So, I can say, yes, the guidelines for stocking levels and equipment can be different, but the most basic rule of all still needs to be:
Set up the tank and be prepared for the 'worst case' scenario.


----------



## 1987 (Jan 27, 2007)

I have three planted tanks.

One of them has been up and running for almost three years and probably would be overstocked if it was a normal tank. I only run a large sponge filter driven by an air pump, and it's my most stable tank.

One no matter what I put into it for some reason fish die. Everything is perfect, I think the fish just get beat up on the 2 hour ride home from the LFS I like to go to. Plants just zoom in this tank. It reminds me of when I used to run EI and C02 tanks.

My newest one cycled itself in less than a week and has been running super smooth. Fish are happy, but the plants just sit there like they are stunted. No new growth on anything, even the duck weed grows slowly.

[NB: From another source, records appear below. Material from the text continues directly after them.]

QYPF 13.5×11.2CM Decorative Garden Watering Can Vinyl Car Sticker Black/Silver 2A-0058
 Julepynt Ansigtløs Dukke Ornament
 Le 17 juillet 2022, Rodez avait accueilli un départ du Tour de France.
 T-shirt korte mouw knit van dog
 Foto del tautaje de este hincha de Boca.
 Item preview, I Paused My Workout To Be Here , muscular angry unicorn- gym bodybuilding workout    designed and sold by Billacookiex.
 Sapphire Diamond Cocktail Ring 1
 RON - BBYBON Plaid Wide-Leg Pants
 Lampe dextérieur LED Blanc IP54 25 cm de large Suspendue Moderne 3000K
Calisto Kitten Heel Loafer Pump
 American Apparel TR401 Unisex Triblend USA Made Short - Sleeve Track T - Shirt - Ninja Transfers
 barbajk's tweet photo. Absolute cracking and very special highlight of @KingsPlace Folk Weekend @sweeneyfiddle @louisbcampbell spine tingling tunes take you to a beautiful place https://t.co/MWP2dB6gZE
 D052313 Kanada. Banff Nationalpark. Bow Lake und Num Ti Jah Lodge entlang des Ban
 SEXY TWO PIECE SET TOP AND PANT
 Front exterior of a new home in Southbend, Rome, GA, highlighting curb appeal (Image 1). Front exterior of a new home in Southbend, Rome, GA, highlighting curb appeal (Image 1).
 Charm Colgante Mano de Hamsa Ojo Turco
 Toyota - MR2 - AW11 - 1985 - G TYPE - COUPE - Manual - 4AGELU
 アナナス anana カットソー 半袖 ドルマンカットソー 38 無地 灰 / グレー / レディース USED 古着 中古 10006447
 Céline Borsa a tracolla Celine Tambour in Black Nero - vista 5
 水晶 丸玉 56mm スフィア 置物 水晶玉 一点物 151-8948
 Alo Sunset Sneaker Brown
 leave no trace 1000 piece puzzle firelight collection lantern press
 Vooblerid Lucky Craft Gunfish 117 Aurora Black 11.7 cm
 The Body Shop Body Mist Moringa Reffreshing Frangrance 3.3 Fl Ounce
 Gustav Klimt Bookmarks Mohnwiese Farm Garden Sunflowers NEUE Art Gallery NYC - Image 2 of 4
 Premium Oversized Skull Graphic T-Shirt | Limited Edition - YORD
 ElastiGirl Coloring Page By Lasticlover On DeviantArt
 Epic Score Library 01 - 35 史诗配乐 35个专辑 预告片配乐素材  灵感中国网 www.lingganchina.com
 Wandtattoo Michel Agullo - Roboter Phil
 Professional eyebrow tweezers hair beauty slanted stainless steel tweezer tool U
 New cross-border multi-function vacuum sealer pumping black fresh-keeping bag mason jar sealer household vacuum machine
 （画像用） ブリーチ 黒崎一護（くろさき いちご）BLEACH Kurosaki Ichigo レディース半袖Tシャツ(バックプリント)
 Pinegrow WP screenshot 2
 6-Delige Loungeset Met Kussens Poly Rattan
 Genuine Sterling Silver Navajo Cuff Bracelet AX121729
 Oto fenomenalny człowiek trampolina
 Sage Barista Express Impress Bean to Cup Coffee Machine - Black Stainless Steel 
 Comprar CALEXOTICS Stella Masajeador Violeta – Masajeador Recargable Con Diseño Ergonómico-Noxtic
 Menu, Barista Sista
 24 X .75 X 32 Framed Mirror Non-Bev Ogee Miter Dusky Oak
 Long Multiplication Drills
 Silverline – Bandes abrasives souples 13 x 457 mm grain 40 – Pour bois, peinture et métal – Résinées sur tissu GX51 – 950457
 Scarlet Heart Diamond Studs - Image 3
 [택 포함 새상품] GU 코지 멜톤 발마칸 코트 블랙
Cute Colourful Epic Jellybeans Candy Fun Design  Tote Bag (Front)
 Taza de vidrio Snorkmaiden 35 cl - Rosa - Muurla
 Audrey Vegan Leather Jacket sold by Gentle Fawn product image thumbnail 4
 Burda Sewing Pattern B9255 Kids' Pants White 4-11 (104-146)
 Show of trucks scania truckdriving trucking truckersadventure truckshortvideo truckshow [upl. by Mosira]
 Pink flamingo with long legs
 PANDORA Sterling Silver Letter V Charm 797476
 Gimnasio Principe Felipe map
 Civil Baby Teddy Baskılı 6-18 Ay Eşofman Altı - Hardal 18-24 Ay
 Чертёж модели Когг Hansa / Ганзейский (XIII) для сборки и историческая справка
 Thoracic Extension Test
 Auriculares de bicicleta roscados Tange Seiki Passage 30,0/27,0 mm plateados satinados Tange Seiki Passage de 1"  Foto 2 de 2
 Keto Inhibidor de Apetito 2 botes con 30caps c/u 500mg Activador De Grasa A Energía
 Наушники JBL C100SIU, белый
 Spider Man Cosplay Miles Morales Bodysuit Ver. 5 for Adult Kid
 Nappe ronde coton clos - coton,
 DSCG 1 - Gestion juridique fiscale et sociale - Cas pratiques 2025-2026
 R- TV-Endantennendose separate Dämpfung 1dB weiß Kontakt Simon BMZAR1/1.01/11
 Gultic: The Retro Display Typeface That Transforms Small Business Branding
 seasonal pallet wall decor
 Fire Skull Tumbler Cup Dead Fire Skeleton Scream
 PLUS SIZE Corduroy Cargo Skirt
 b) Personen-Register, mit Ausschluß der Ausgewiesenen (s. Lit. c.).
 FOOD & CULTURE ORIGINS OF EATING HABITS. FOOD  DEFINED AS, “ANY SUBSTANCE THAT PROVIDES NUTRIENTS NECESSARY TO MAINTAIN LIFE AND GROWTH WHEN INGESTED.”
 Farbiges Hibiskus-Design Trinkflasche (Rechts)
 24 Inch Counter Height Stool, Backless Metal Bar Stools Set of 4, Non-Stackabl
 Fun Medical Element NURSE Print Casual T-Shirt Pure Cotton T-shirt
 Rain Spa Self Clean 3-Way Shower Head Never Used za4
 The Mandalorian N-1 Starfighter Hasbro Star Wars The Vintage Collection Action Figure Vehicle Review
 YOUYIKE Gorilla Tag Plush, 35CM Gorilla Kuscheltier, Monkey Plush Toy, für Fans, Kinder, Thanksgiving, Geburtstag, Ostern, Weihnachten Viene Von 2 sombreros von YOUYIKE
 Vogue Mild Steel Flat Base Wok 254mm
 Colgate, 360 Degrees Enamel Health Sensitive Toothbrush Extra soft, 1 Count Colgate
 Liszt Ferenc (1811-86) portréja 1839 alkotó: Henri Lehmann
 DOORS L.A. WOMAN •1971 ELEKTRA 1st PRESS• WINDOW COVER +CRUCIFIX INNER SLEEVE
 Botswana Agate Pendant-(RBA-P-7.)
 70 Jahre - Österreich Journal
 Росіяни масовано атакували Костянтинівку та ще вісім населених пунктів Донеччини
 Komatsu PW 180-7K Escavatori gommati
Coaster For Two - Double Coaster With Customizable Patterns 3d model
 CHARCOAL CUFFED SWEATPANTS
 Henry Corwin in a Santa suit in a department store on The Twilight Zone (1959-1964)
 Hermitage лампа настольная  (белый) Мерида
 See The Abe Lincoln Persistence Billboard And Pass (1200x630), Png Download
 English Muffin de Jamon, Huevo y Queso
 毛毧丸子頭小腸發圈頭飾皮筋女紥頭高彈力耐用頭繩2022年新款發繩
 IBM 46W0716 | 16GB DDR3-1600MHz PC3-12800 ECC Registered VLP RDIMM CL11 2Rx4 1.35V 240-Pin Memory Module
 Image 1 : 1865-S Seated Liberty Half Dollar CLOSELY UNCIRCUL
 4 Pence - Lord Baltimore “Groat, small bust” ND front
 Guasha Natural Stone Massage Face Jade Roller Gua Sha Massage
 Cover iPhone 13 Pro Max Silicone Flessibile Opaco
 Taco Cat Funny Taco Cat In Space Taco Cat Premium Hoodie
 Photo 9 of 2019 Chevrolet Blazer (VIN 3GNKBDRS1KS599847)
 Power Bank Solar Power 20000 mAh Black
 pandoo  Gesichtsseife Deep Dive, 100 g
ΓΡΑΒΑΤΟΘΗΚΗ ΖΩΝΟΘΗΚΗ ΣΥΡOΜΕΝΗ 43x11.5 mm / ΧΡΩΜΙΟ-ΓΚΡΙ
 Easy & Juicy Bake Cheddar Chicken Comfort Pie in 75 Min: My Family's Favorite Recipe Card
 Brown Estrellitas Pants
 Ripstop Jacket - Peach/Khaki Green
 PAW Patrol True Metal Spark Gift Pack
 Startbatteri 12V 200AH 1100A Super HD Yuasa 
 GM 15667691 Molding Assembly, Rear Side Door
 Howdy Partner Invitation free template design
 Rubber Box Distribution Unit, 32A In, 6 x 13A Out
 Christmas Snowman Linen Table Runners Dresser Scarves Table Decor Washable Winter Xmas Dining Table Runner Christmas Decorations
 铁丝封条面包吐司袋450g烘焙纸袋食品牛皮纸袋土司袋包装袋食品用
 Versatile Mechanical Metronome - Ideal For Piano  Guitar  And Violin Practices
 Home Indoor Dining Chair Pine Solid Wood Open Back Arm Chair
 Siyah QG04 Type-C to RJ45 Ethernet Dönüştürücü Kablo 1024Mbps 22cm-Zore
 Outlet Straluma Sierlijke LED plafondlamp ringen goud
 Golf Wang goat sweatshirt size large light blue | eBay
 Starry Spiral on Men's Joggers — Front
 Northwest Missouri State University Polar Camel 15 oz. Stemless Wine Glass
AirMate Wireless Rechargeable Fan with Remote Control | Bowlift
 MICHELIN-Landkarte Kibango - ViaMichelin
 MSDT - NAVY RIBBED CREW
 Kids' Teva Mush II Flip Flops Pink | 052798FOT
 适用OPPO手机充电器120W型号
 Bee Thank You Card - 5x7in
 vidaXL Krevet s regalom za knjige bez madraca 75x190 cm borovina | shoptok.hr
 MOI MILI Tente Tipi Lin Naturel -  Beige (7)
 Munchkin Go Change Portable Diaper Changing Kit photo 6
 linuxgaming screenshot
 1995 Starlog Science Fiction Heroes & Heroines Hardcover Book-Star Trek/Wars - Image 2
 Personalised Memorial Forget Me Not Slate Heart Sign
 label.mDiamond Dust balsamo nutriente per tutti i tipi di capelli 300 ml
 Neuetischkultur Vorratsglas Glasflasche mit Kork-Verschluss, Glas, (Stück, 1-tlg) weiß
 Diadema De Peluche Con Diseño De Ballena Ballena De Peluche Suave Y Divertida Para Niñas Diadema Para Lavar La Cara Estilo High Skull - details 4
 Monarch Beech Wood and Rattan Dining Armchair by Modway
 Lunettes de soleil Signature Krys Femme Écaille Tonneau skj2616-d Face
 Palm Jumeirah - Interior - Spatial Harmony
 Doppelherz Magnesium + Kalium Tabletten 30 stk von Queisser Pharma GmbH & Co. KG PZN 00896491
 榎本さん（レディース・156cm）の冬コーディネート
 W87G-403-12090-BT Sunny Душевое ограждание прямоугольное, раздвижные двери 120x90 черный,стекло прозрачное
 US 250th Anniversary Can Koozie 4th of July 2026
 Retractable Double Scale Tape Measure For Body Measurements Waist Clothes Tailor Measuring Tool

The point of this post is that in the same house with the same dirt and same gravel same water I have three different situations. Just like regular tanks every planted tank is different and it will take some amount of trial and error to find a happy medium.


----------



## Moni (Feb 1, 2014)

All my tanks have mechanical filters. I've only recently started experimenting with bowls that are completely natural. Plants are natural filters and purifiers. The shrimp seem to really enjoy the bowls. They swim laps around in them which is something they don't do in the larger tanks. I think they like the round shape. I will try to post a video soon.


----------



## THE V (Nov 17, 2011)

In mid-next month I'll be moving into a new office building. I've been thinking about doing a little 2 gallon bowl with cherry shrimp in it. I'll be topping it off with DI water cause I can't do a water change more than probably once per year. 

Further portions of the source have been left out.